SACRAMENTO — In a major step toward groundbreaking reform of California’s healthcare financing and delivery system, the State Senate passed SB 770 on Thursday by a vote of 30 aye to 9 no.
The bill, authored by Senator Scott Wiener (D-San Francisco) and sponsored by Healthy California Now, sets forth tangible steps on a concrete timeline to make California the first state to guarantee residents a standard set of comprehensive, high quality health benefits regardless of age, income, employment status, disability status, immigration status, or any other characteristic.
SB 770, which now heads to the State Assembly, would endorse and advance the recommendations of Gov. Gavin Newsom’s Healthy California For All Commission. Last year, the commission issued a report that found transitioning to a unified healthcare financing system would avert 4,000 deaths per year, and save Californians $158 billion per year in healthcare spending by 2031.
“Our fragmented healthcare system leaves lethal gaps in coverage that disproportionately impact historically and systemically marginalized communities,” Wiener said. “SB 770 establishes a transparent process that will support stakeholders in doing the detailed work of building a better system while the Newsom administration collaborates with federal officials to ensure that it will be funded with California’s full share of federal healthcare dollars.”
Newsom’s commission concluded that a unified financing system, which could include but is not limited to the type of single-payer financing system used in Canada, should:
- Guarantee all California residents a comprehensive package of healthcare benefits including behavioral health care, and potentially long-term care and support services.
- Eliminate distinctions among Medicare, Medi-Cal, employer-sponsored insurance, and individual market coverage.
To put the commission’s recommendations into action, SB 770 directs California’s Secretary of Health and Human Services to:
- Pursue discussions with federal authorities regarding the potential terms of waivers necessary for California to secure its full share of federal healthcare funds for the new system.
- Establish a diverse working group of healthcare stakeholders to help resolve the healthcare delivery system issues that the commission did not fully resolve.
- Provide quarterly reports to the chairs of the Assembly and Senate Health Committees on the status and outcomes of waiver discussions with the federal government and the progress of the work group.
- Submit a complete set of recommendations regarding the elements to be included in a formal waiver application by no later than June 1, 2024.
“The State Senate’s passage of SB 770 is a monumental step forward in the fight for an equitable, high-quality healthcare system that will guarantee better care at lower costs for all Californians,” said Michel Lighty, president of Healthy California Now, a statewide coalition of consumer and labor single-payer healthcare supporters. “Polls have consistently shown that Californians want the kind of universal, comprehensive healthcare system the governor’s commission envisioned, and now the State Senate has advanced legislation laying out the specific steps necessary to make that vision real.”
Organizations supporting the bill include the National Union of Healthcare Workers, Health Access California, Western Center on Law and Poverty, California Academy of Family Physicians, California Alliance for Retired Americans, California Pan-Ethnic Health Network, UNITE HERE, California Federation of Teachers, SEIU California, and the California Teamsters Public Affairs Council.
The bill was also introduced in the State Senate by Sen.
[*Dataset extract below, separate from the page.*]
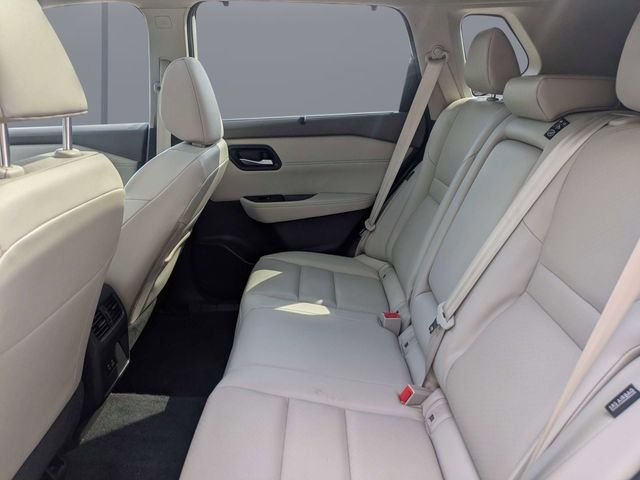 Used 2023 White Nissan SV image 14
Mike McGuire (D-Healdsburg) and co-authored by Sens. Caroline Menjivar (D-San Fernando Valley), Dave Min (D-Irvine) and Lola Smallwood-Cuevas (D-Los Angeles). In the Assembly, the bill is co-authored by Assemblymembers Rick Chavez Zbur (D-Santa Monica), Damon Connolly (D-San Rafael), Miguel Santiago (D-Los Angeles ) and Pilar Schiavo (D-Chatsworth).
Although California has taken steps to expand coverage under the Affordable Care Act, approximately 9 percent of state residents (3.2 million people) were projected to be uninsured in 2022, a figure that includes many undocumented Californians. A 2019 report by the California Health Care Foundation found that “people of color face barriers to accessing health care, often receive suboptimal treatment, and are most likely to experience poor outcomes” in the current healthcare system.
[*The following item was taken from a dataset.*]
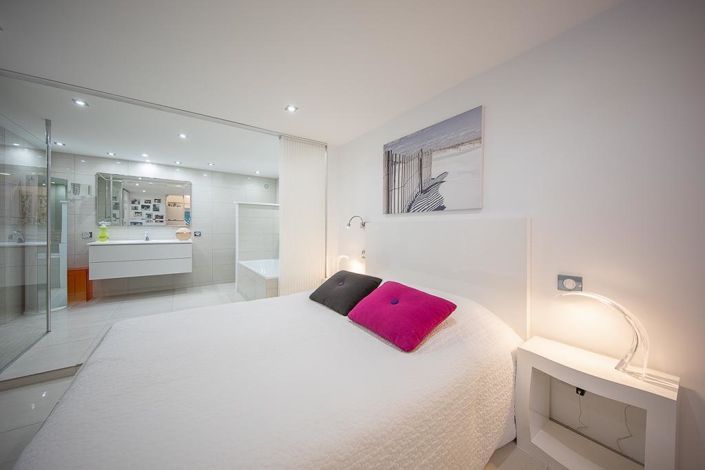 Image No.10-5 Bed House for sale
“Our current system makes healthcare unaffordable and unattainable for far too many California residents,” said National Union of Healthcare Workers Secretary-Treasurer Sophia Mendoza. “There’s a long battle ahead of us, but we have a strong and diverse coalition of labor unions, healthcare advocates, and anti-poverty organizations that are ready to make the case in the State Assembly that we can’t delay the hard work of building a healthcare system that provides better care at lower costs.”